- Born: January 23, 1927 Brooklyn, New York, U.S.
- Died: April 18, 2024 (aged 97)
- Other names: Jim
- Education: Brooklyn College
- Occupations: Scientist, social worker, healthcare administrator
- Known for: Manhattan Project

= James Forde (administrator) =

American health official and social worker

James A. Forde (January 23, 1927 – April 18, 2024), also known as Jim, worked on the Manhattan Project from 1944 to 1945. Forde was hired by the Union Carbide and Carbon Company to clean test tubes as scientists worked to develop the gaseous diffusion process. He was the only African American working in the building at the time.

== Early life and education ==
Forde was born on January 23, 1927 in Brooklyn, New York.

Forde graduated from High School at the age of 15, and attended Brooklyn College.
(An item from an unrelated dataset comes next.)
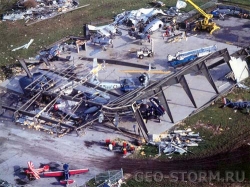 ������ ����� � ��� � ������� 1992 ����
Forde returned to Brooklyn College after his time as a lab assistant for the Manhattan Project. Forde continued his education and received a master's in public administration in 1955.

== Career ==
In 1944, Forde worked for Union Carbon and Carbide Company, which led him to become a part of the Manhattan Project. Forde started the Manhattan Project at the age of 17 as a lab assistant at the Nash Garage building at Columbia University. This meant he did clean-up work which included cleaning the beakers and other materials, but his most important job was to clean tubes used to test barrier solutions. After the Manhattan Project, Forde was laid off, instead of getting transferred to Los Alamos.

After getting laid off, he continued his studies at Brooklyn College, and received a job at the Columbia Broadcasting System (CBS). He was able to be a part of CBS in the early stages of development.

After graduating college, he went on to become a social worker for New York City. He later finished his master's degree and moved to the Albany/Schenectady area where he worked for the Department of Mental Health and Hygiene. He worked for the state for about 20 years in many different positions. He later became the regional director for mental health facilities.

He moved to San Diego and in 1979 became director of the Department of Health Services for 10 years in the county of San Diego. Forde retired after leaving the San Diego Health Services and went into community work. He organized local and state healthcare for African Americans.